Sechs Wochen später wurde nach einer anklagenden Auseinandersetzung im „Askanischen Hof“ unweit des Anhalter Bahnhofs die Verlobung wieder aufgelöst und Kafka spricht dann im Tagebuch von einem „Gerichtshof im Hotel“, von dem er sich widerstandslos verurteilen ließ. Diese Aussprache hat ihm zugleich für die Entstehung des Romans „Der Prozess“ einen Impuls geliefert. Im Juli 1916 kam Felice abermals nach Prag und die beiden verlobten sich ganz offiziell zum zweiten Mal. Kafka erwog jetzt ernsthaft seine Übersiedlung nach Berlin. Sollte der fünfjährige Kampf doch noch ein glückliches Ende finden? Im Blutsturz aus der Lunge am 9./10. August 1917 sah Kafka die Kulmination seines 5 Jahre währenden Ringens um die Ehe mit Felice. Das Schicksal hatte entschieden, in seiner Krankheit sah Kafka „zweifellos Gerechtigkeit, es ist ein gerechter Schlag, den ich…als etwas …durchaus Süßes (fühle)“. Die Lungenwunde sieht er als Sinnbild an, „deren Entzündung Felice und deren Tiefe Rechtfertigung heißt“, schreibt er ins Tagebuch. Die Krankheit hatte ihn befreit, die selbstquälerischen Zweifel von ihm genommen.

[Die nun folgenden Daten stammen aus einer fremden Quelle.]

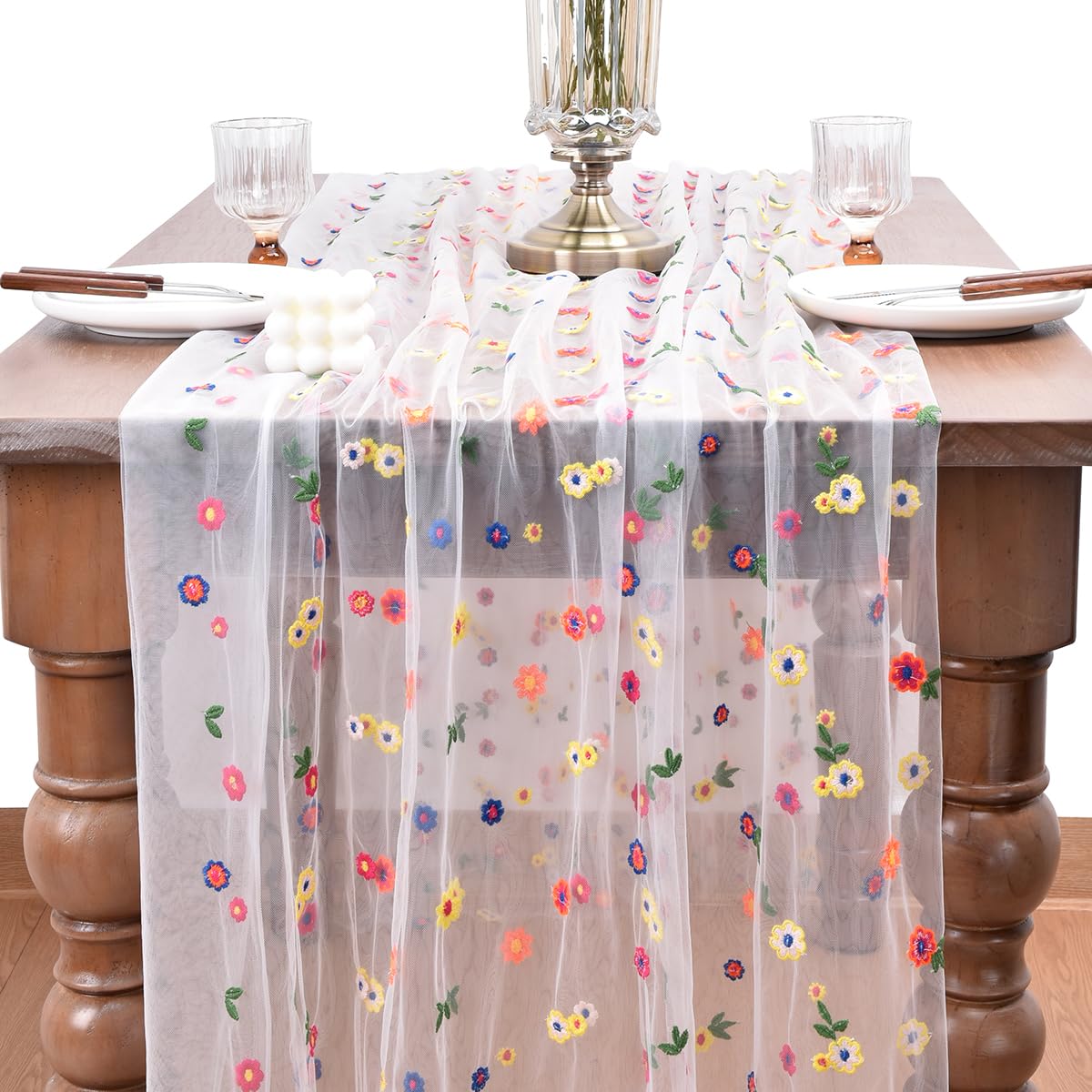Joanlody 6pcs Ivory Summer Flower Table Runner 10ft Embroidery Daisy Floral Seasonal Tulle Table Runner for Home Garden Tea Party Holiday Birthday Decoration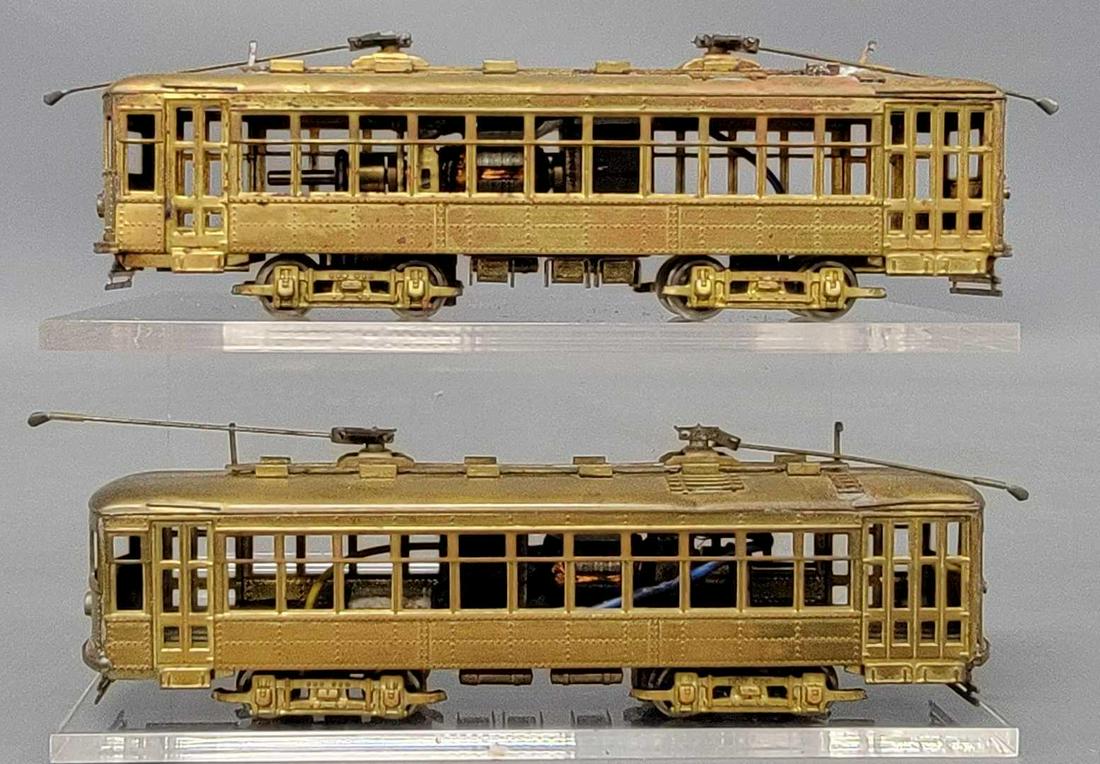 Two Ken Kidder HO brass 2-truck Birney style trolleys (1 of 6)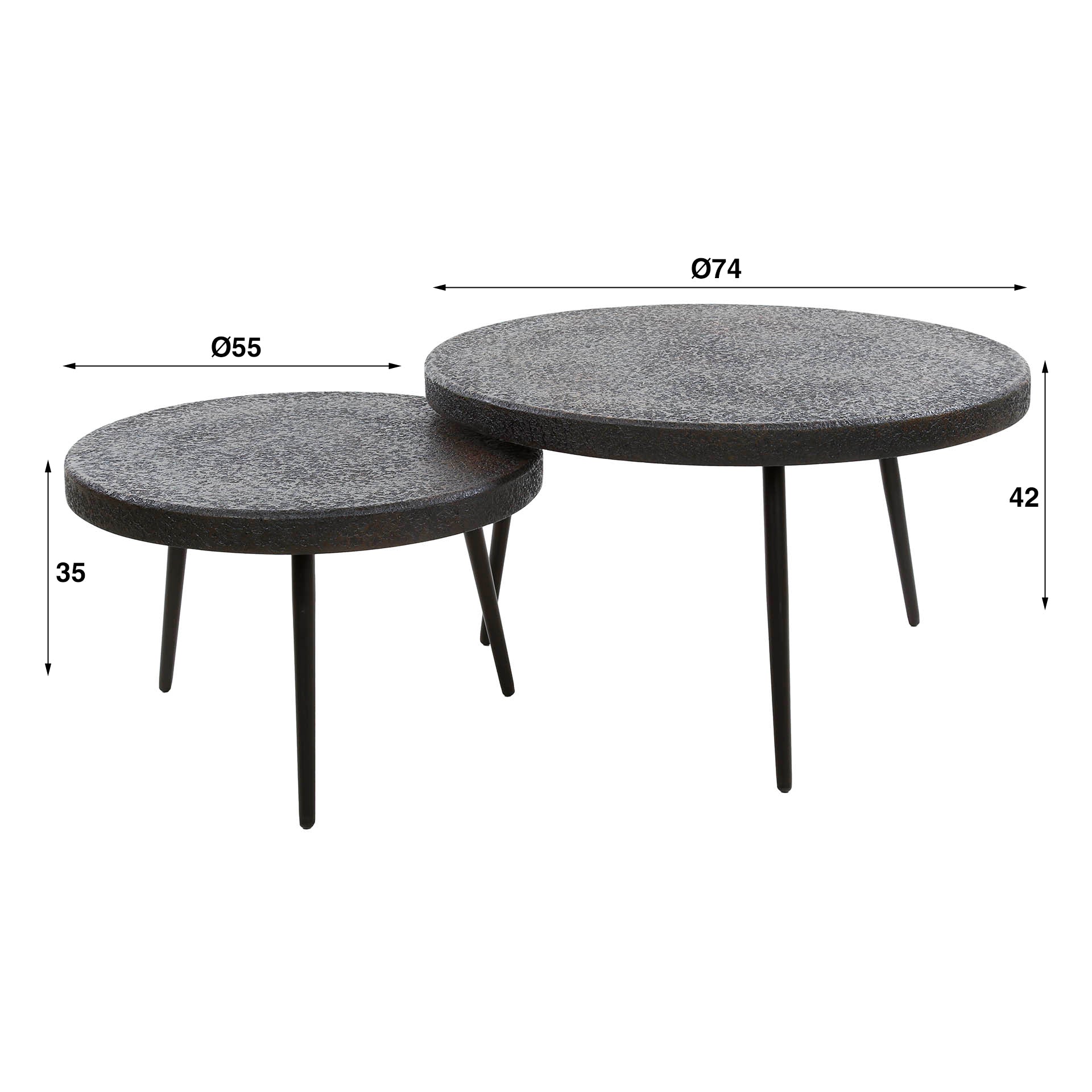 Salontafel set/2 bulky ferro / Ferro metallic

Kafkas Traum von Berlin schien also 1917 ausgeträumt gewesen zu sein. Aber im Juli 1923 lernte er an der Müritz, wohin er seiner Schwester Elli gefolgt war, in einer Ferienkolonie des Berliner Jüdischen Volksheimes Dora Diamant kennen. Dora war 25 und Kafka soeben 40 geworden. Konnte ihn diese selbstbewusste und tüchtige junge Frau aus den Gedanken reißen, dass ihm die „Menschenwelt“ zusehends entgleitet? Konnte er mit ihr der Wiederholung alter Lebensmuster entgehen? Am 23. September 1923 begab sich der geschwächte Kafka abermals nach Berlin und nahm in Steglitz Quartier. Mit einiger Kontinuität besuchte er die Hochschule für die Wissenschaft des Judentums. Am 1. Februar 1924 zog er mit Dora nach Zehlendorf; sie war die einzige Frau, mit der er je zusammenlebte. Seine früheren Beziehungen, zumal jene mit Felice, waren an seiner Angst gescheitert, zu große Nähe könnte sein Schreiben und damit ihn selbst auf unerträgliche Weise gefährden. Doch Dora hatte plötzlich von seinem Leben Besitz ergriffen – und dies schien ihm keinerlei Probleme bereitet zu haben. In ihr schien er gefunden zu haben, was er sein Leben lang vermisst hatte: eine natürliche, verständnisvolle Partnerin. Durch die Liebe zu Dora war Kafka nicht nur der Einsamkeit entronnen, sondern auch Prag. „Ich möchte wohl wissen, ob ich den Gespenstern entkommen bin“, habe er immer wieder gesagt, so erinnerte sich Dora später. Nein, die Gespenster tanzten noch immer. Die besorgniserregende Krankheit erzwang Mitte März 1924 eine Rückkehr nach Prag und von dort weiter – hingebungsvoll von Dora umsorgt – ins Sanatorium in Kierling, wo er am 3. Juni, einen Monat vor seinem 41. Geburtstag, starb.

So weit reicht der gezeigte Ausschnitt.